The only flicker of worry that ever crossed Chan’s mind was about his new competition. Not all the young Chinese from Hong Kong wanted to work for the established organization and he had been receiving threatening messages from some of the younger thugs. But Hobart Chan was too much a master of the art of extortion to fall victim to it himself. The new kids had no base outside of Chinatown, and they certainly weren’t going to attack him inside his own territory.
As the big car crossed Grand Street, Chan decided he would drive down to the Bowery today. The sight of dozens of pathetic humans in various states of decomposition, all running toward his car with filthy rags to “clean” his windshield in grateful exchange for whatever coins he wished to bestow, did more for him than even his occasional visits to his own merchandise. He thought of his humble origins in Hong Kong: the forged birth certificate that cost his father seven years of indentured servitude to enable the young Chan to enter the land of promise, the bloody-vicious mess in San Francisco, his eventual—and, in Chan’s mind, inevitable— rise to power in his world.
As the Bentley approached Houston Street, Chan automatically slowed down. He never wanted to make the turn west on this light—it was the best corner for the display of bums. Once he had thrown a dollar into the street after some of the lowlife had attempted to clean his windshield and had watched fascinated as they groveled in the street for the single piece of paper. Hobart Chan fancied all the bums knew his car and that they fought among themselves to see which of them would have the privilege of serving him each morning. Although it was difficult to imagine such human waste actually fighting for anything.

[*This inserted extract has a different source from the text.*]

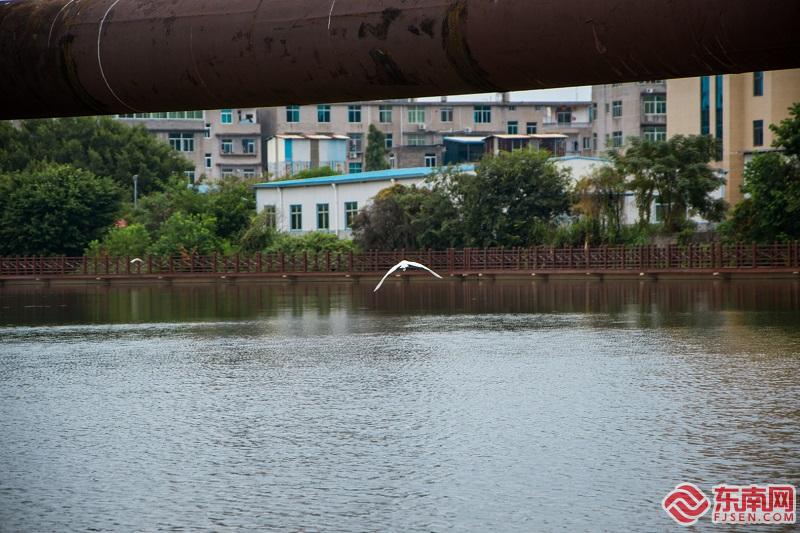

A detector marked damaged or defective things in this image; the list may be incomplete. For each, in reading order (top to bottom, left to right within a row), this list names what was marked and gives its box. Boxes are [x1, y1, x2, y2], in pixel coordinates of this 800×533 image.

rusty pipe [1, 0, 800, 118]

The bum that approached the car was younger than most, although no less degenerated. Chan mused on the theory that the entire race would someday find itself right down here on the Bowery as the youngish bum industriously cleaned the windshield and the side mirror with a foul rag. The bum was about thirty or thirty-five; it was hard to tell under the dark stubbly beard and the rotted hat. This bum even carried a pint of what looked like white wine in his hand, holding on to it with a death grip. Chan thought
it somehow strange that a bum who already had a bottle would still work to clean windshields like this. Somehow it seemed even more debasing than usual, if that was possible.
The bum quickly finished and looked beseechingly at Hobart Chan. The fat man’s jade-ringed finger touched the power-window switch and the glass zipped down on its greased rails. As Chan extended the crisp dollar bill, the mouth of the bum’s wine bottle seemed to fly open and the wine gushed out all over the flesh merchant. His face twisted into an ugly mass and he drew back his left hand to slap the bum when he noticed that the wine smelled like gasoline.